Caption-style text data
.....

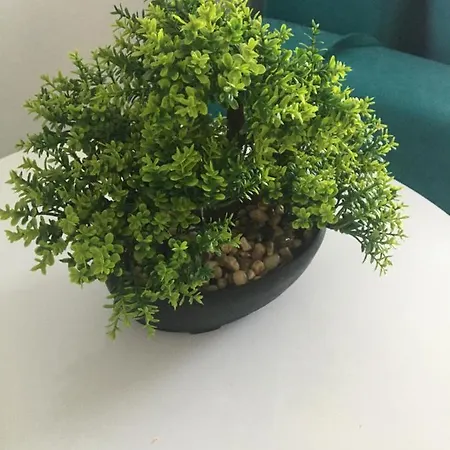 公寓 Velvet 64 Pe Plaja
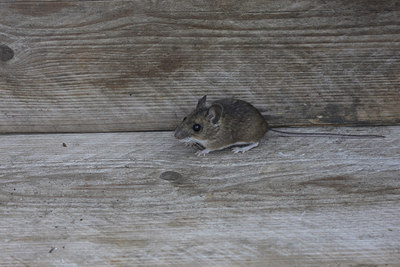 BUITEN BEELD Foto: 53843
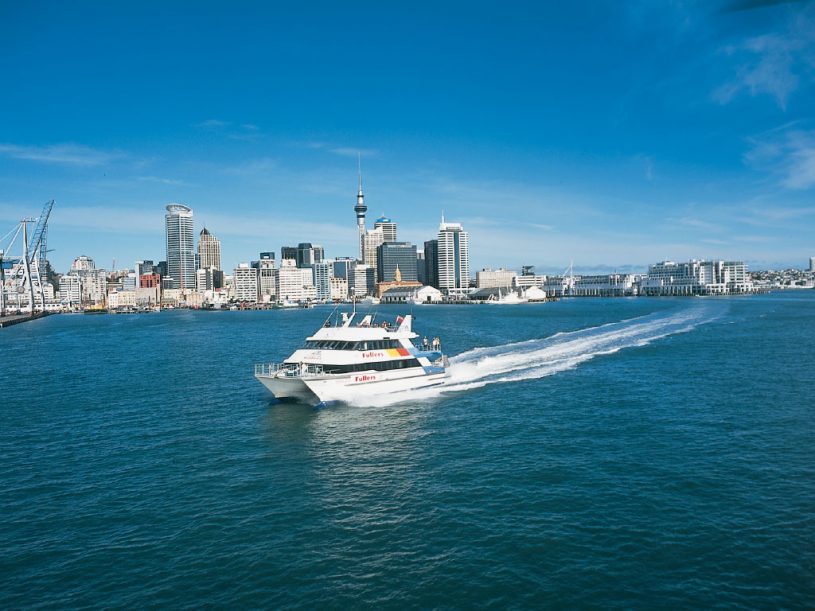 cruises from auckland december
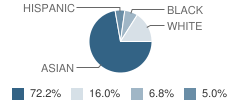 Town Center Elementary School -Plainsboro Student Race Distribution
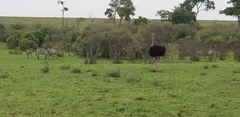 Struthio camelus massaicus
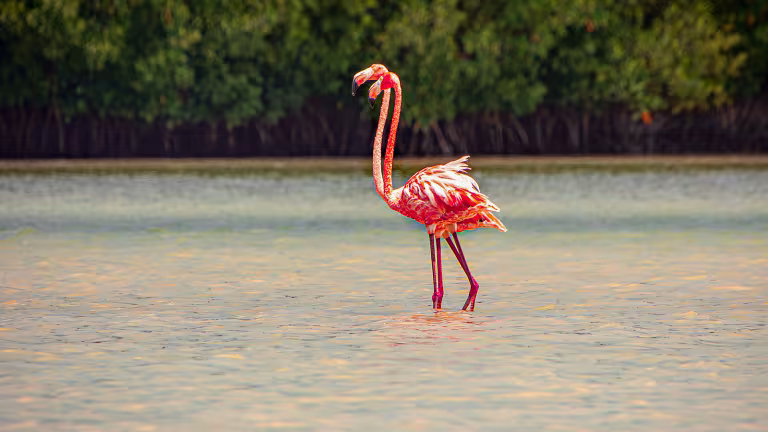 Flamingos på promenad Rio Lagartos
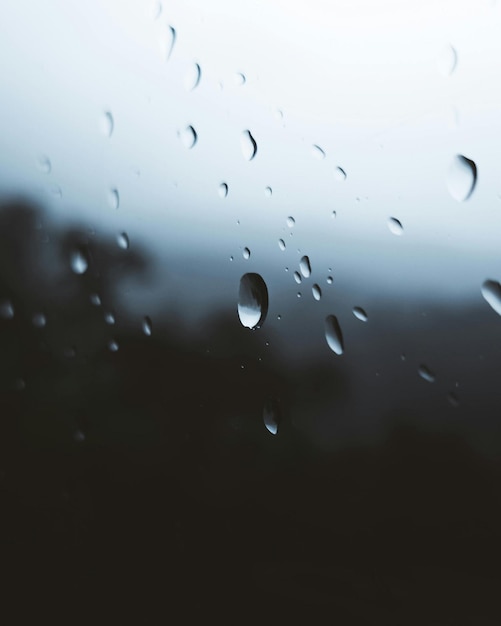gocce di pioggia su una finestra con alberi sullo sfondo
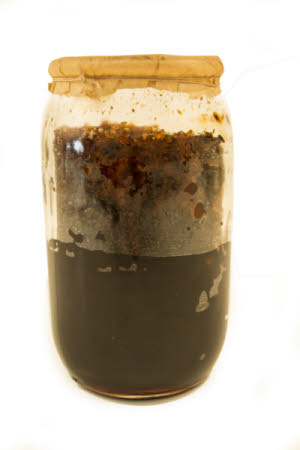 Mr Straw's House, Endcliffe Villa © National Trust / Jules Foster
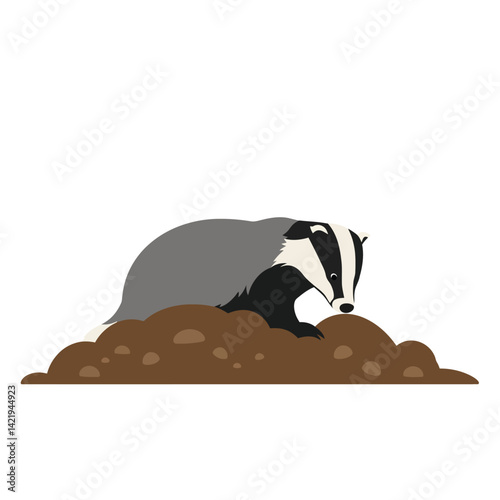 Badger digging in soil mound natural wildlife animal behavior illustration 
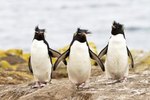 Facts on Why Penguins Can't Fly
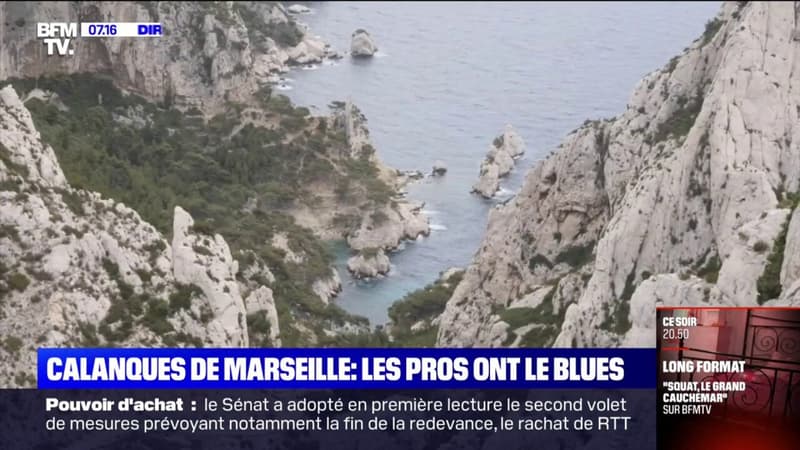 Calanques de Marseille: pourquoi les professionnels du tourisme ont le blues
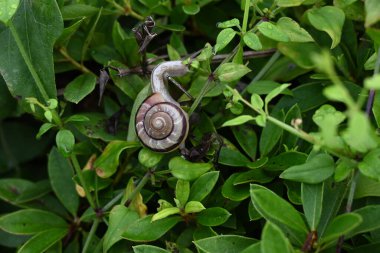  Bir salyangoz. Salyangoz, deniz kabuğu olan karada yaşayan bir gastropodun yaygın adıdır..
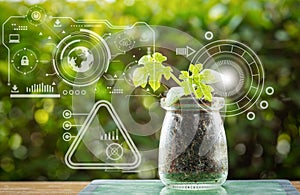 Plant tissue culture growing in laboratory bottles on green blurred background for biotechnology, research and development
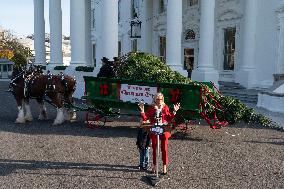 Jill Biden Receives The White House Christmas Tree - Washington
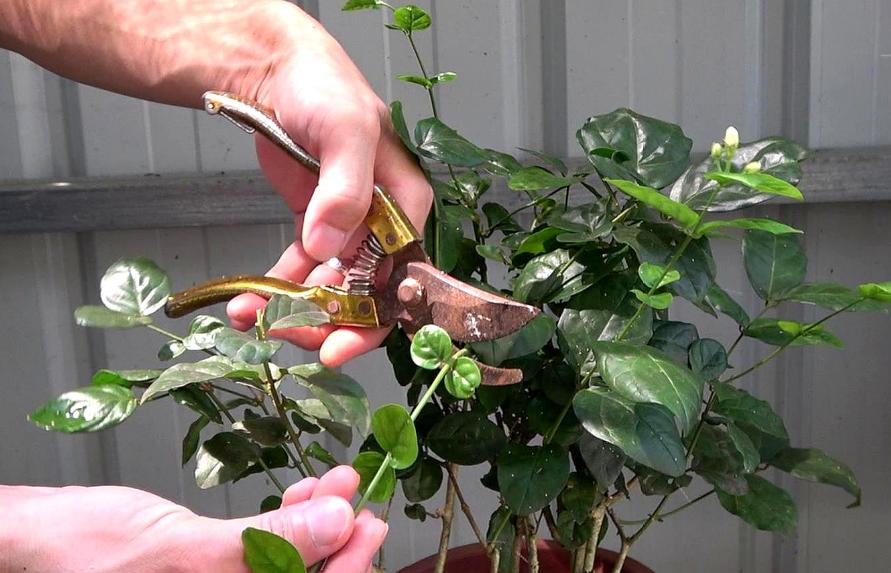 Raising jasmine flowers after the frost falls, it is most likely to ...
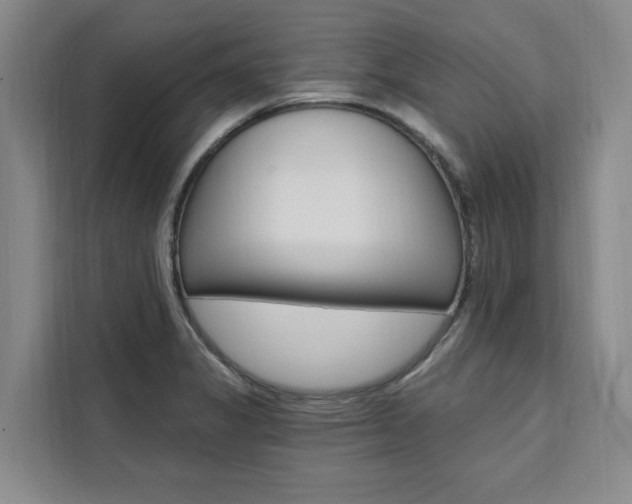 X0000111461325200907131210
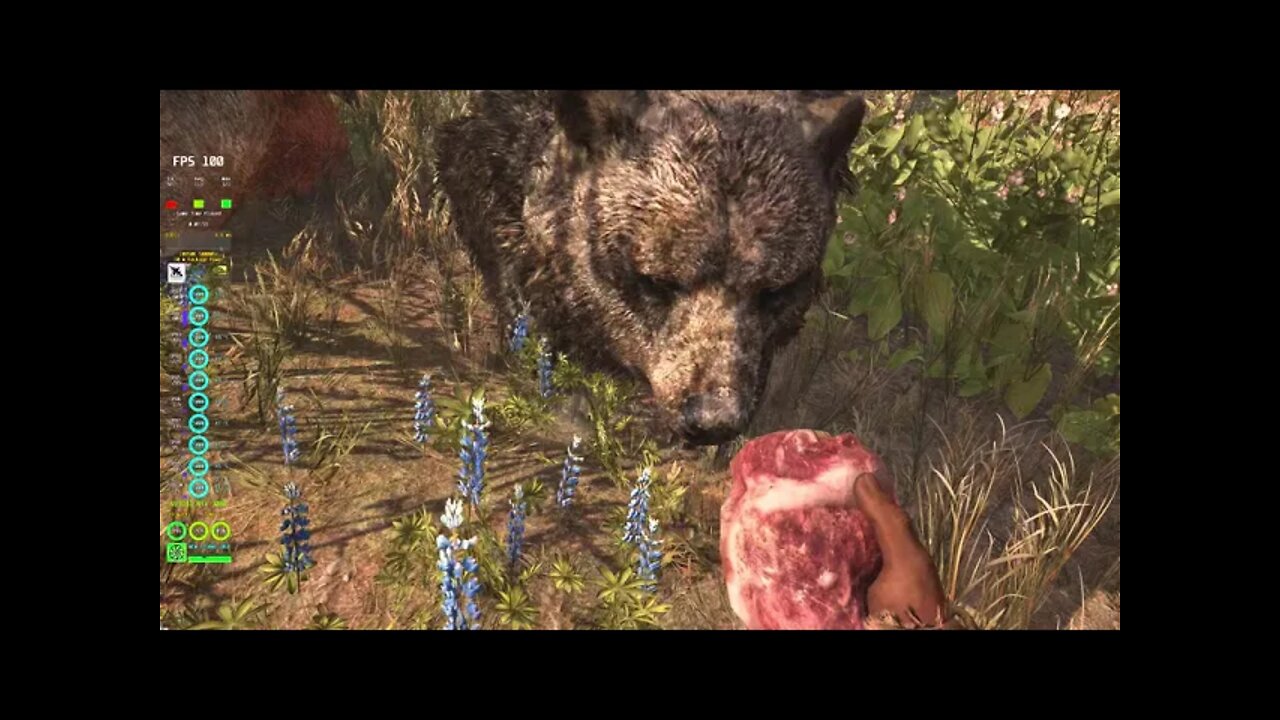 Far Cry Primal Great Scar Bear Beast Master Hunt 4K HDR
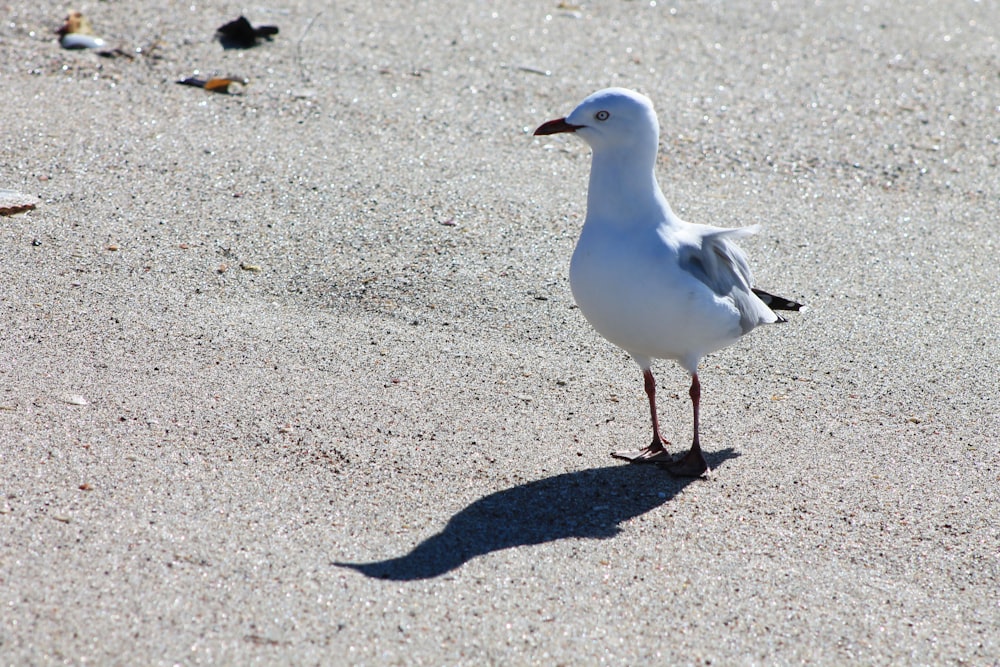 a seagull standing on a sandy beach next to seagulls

.....

For this exercise, set down the lines in the entries above from the one with "gocce di pioggia" through the one with "Jill Biden Receives" exactly as written, without any pictures.

• [Worked solution]:
gocce di pioggia su una finestra con alberi sullo sfondo
 Mr Straw's House, Endcliffe Villa © National Trust / Jules Foster
 Badger digging in soil mound natural wildlife animal behavior illustration 
 Facts on Why Penguins Can't Fly
 Calanques de Marseille: pourquoi les professionnels du tourisme ont le blues
  Bir salyangoz. Salyangoz, deniz kabuğu olan karada yaşayan bir gastropodun yaygın adıdır..
 Plant tissue culture growing in laboratory bottles on green blurred background for biotechnology, research and development
 Jill Biden Receives The White House Christmas Tree - Washington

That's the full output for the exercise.